You And Your Kids Should Watch "Steven Universe." Here's Why.

By Lindsay Amer

Let me tell you about the best show on television. Its premise is endlessly creative, the art beautifully rendered, the stories superbly queer, and it is primarily made for kids (10+). Steven Universe might be a children’s cartoon on Cartoon Network, but it is oh so much more. If you don’t already watch it, you absolutely should.More importantly, you should watch it with your kid(s).

The show’s creator, Rebecca Sugar, is Cartoon Network’s first female showrunner and an out and proud queer lady! In Steven Universe, Sugar transports us to the quirky queer world of Beach City, populated by futuristic characters known as “gems,” who are genderless, and Steven, who is half-gem, half-human boy. There’s a lot more to it, but gems are essentially aliens with superpowers named for gemstones. The show follows Steven as he navigates his half-gem identity, learns more about the mysterious gem-homeworld, and goes on Earth-saving adventures!

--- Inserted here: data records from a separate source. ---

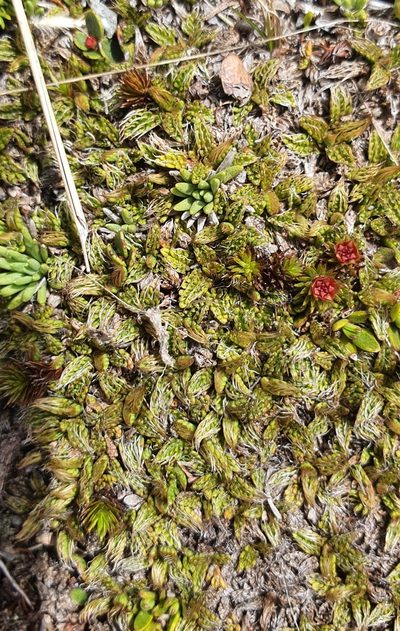 Anisotome imbricata, photographed by Katie Jenkins
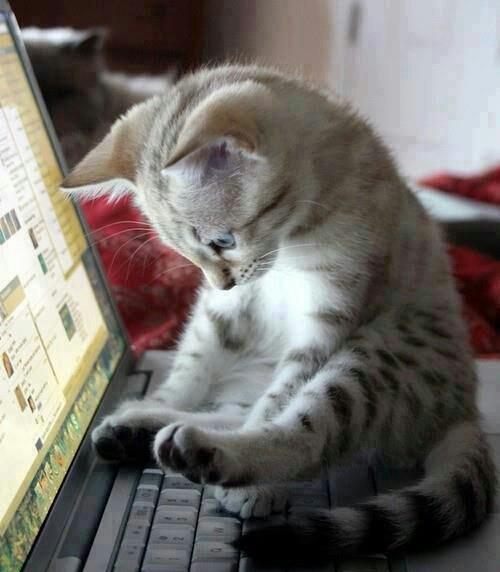 Bir Kedi ile Yaşamak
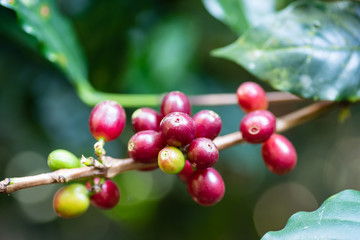 Ripe coffee berries fruit in organic coffee plantation, Thailand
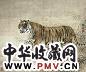 当代 胡藻斌 虎 轴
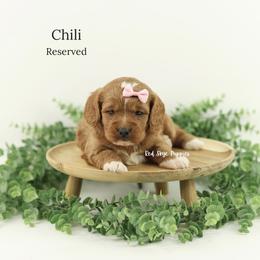Chili (Pink Collar Girl) - Red female Cavapoo puppy in Republic, Missouri from Red Skye Puppies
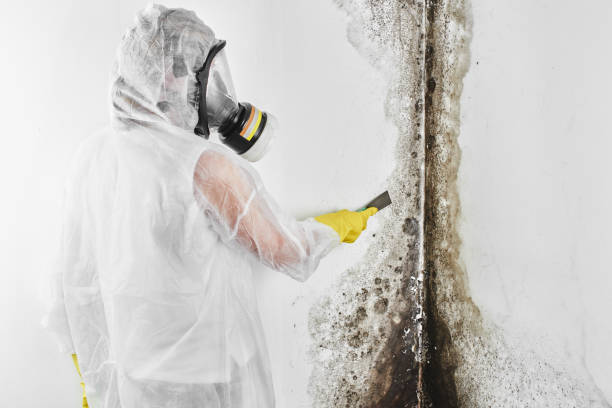 Environmental Consulting for Mold Prevention in Henderson, LA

Before the series begins, we learn that Steven’s mother (Rose Quartz, his gem parent) is no longer around so he is raised by three characters known as the Crystal Gems: Garnet, Pearl, and Amethyst. Steven’s parental figures (all voiced by female actors of color!) model an unconventional family structure while providing a solid feminist foundation for the show’s lessons with a strong girl power vibe. While gems are generally described by the show’s creators as “gender-less,” the Crystal Gems themselves are female-identifying and use feminine pronouns. Garnet, a tall, full-hipped stoic gem with future-vision, leads the group. Fellow Crystal Gem, Pearl, is slender, graceful, and feminine, and can also work a sword like nobody’s business. And finally, Amethyst is a short, carefree gem with a rebellious streak and an insatiable appetite. All are so different from each other, but complement and strengthen one another in times of need.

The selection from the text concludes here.